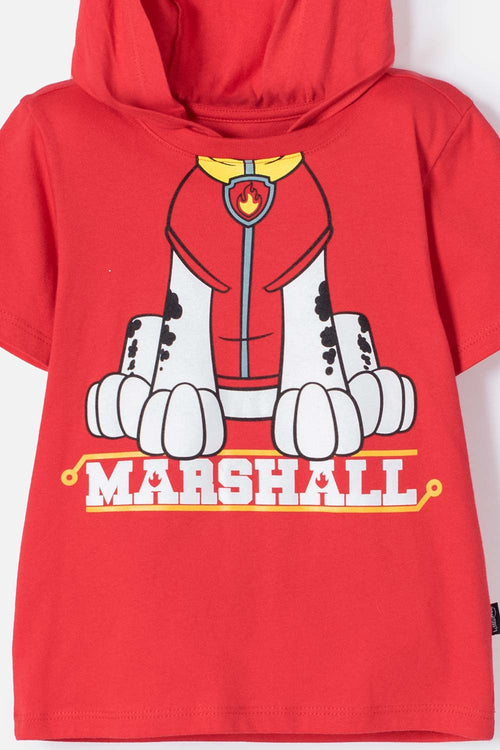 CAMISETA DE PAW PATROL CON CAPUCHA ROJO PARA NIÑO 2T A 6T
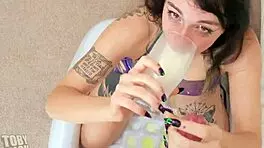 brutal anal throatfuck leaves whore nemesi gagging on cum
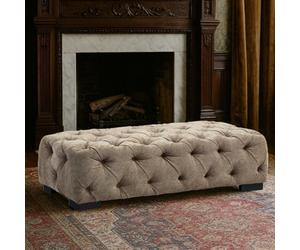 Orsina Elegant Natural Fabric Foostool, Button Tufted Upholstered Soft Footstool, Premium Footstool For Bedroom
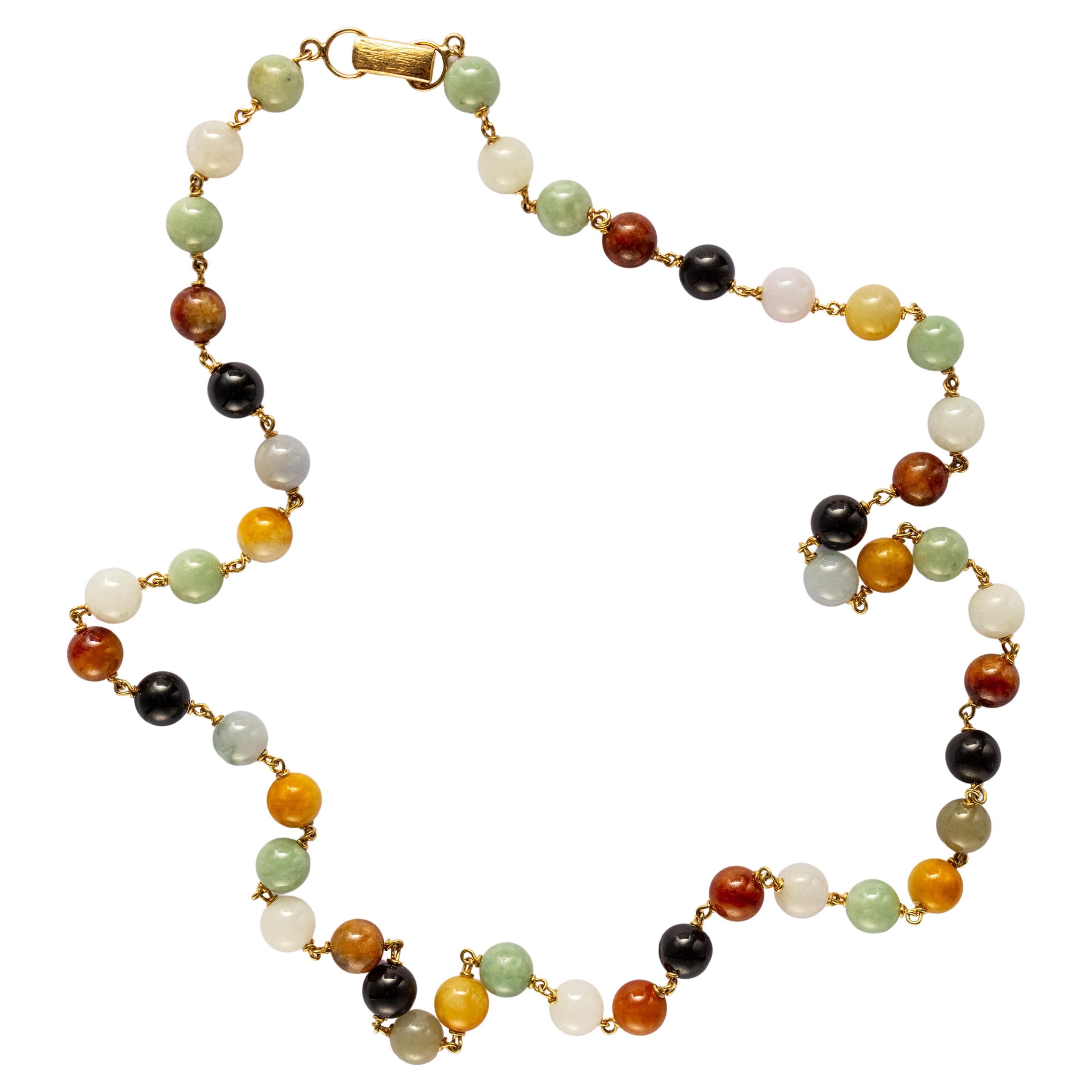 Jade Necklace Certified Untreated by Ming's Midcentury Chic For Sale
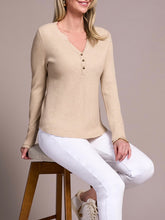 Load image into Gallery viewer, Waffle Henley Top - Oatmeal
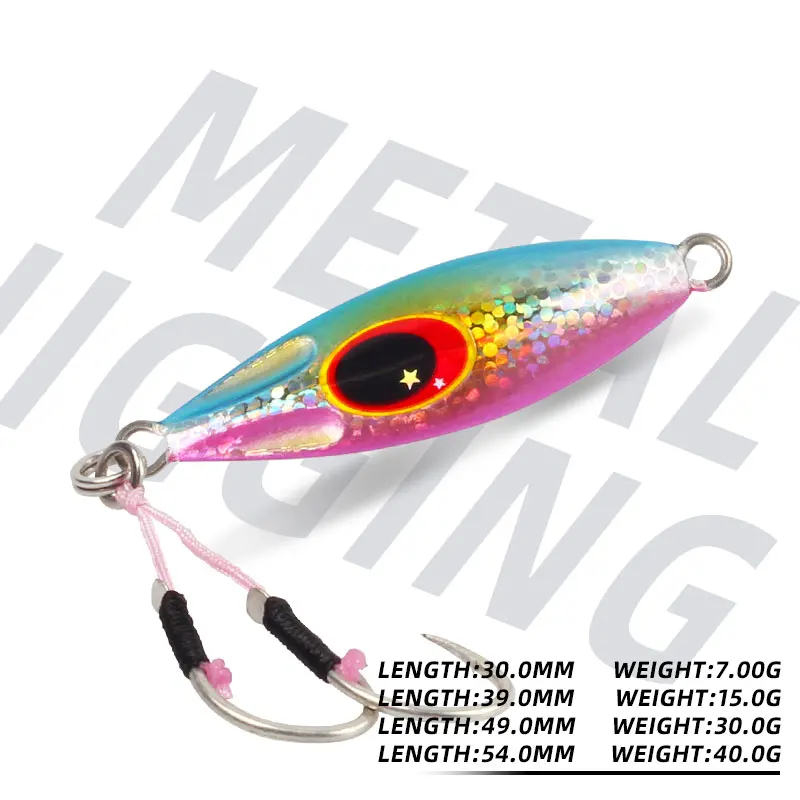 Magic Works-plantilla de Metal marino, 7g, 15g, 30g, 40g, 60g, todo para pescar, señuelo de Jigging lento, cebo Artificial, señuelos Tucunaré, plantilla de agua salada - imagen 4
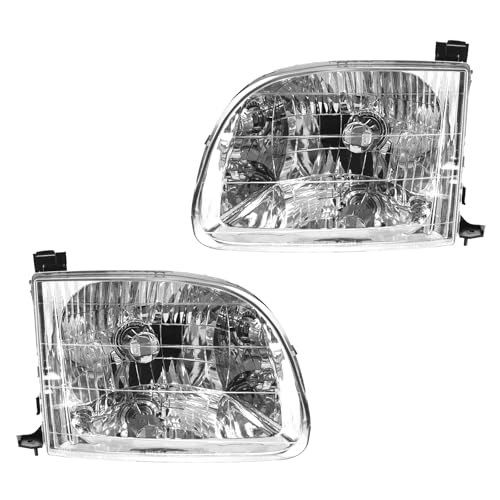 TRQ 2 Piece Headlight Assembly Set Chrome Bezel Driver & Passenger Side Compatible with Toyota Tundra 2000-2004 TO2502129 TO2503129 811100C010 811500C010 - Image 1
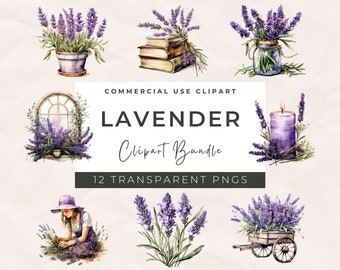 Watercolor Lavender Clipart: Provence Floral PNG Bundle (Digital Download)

:::::

Exactly as written, restate the lines above from the opening line through the one holding "Orsina Elegant Natural", omitting the pictures.

 CAMISETA DE PAW PATROL CON CAPUCHA ROJO PARA NIÑO 2T A 6T
 brutal anal throatfuck leaves whore nemesi gagging on cum
 Orsina Elegant Natural Fabric Foostool, Button Tufted Upholstered Soft Footstool, Premium Footstool For Bedroom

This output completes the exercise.